Sur le préjudice matériel :
Il ressort des pièces produites qu’à la date de son placement en détention, Mr [S] était animateur au sein de la ville de [Localité 6] afin d’assurer les activités péri-scolaires en fonction des besoins du service.
Selon l’arrêté du maire, il avait été recruté en qualité d’animateur non titulaire du 3 septembre 2018 au 5 juillet 2019.
Mr [S] justifie ainsi d’une perte de revenus consécutive à son placement en détention provisoire le 8 mai 2019 qui peut être fixée au vu des bulletins de salaire versés aux débats à 920 €.
En l’absence d’autres justificatifs permettant de constater que Mr [S] avait le souhait de se présenter aux épreuves du BAFA ou qu’il se soit trouvé dans l’impossibilité de passer cet examen lors de sa libération, et alors que le requérant indique lui même avoir trouvé un emploi dés sa remise en liberté, il convient de rejeter le surplus de sa demande au titre d’une perte de chance de développer un projet.
Mr [S] sollicite enfin le paiement d’une somme de 6.000 € au titre de ses frais de défense.
Les honoraires d’avocat ne sont pris en compte au titre du préjudice causé par la détention que s’ils rémunèrent des prestations directement liées à la privation de liberté et aux procédures engagées pour y mettre fin et le requérant qui sollicite le remboursement de tels frais doit justifier de factures détaillées mentionnant les prestations directement en lien avec la détention.
En l’espèce, Mr [S] ne verse aux débats qu’une seule facture non détaillée de son avocat ce qui ne permet pas de vérifier la teneur des prestations correspondant à cette facture et à fortiori de vérifier qu’elles se rapportent à des interventions pour sa remise en liberté.

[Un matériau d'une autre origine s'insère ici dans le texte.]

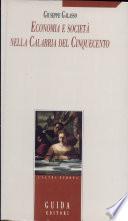 Economia e società nella Calabria del Cinquecento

Il convient de débouter Mr [S] de cette demande.
Sur l’article 700 du code de procédure civile :
Il y a lieu d’allouer à Mr [S] la somme de 1.500 € par application de l’article 700 2° du code de procédure civile.
PAR CES MOTIFS
Déclarons recevable la requête de Mr [W] [S] ;
Lui allouons, à la charge de l’Etat :
— la somme de 19.000 € en réparation de son préjudice moral,
— la somme de 920 € en réparation de son préjudice matériel,
— la somme de 1.500 € par application de l’article 700 2° du code de procédure civile :
Rejetons le surplus des demandes de Mr [S] ;
Disons que les dépens seront supportés par l’Etat.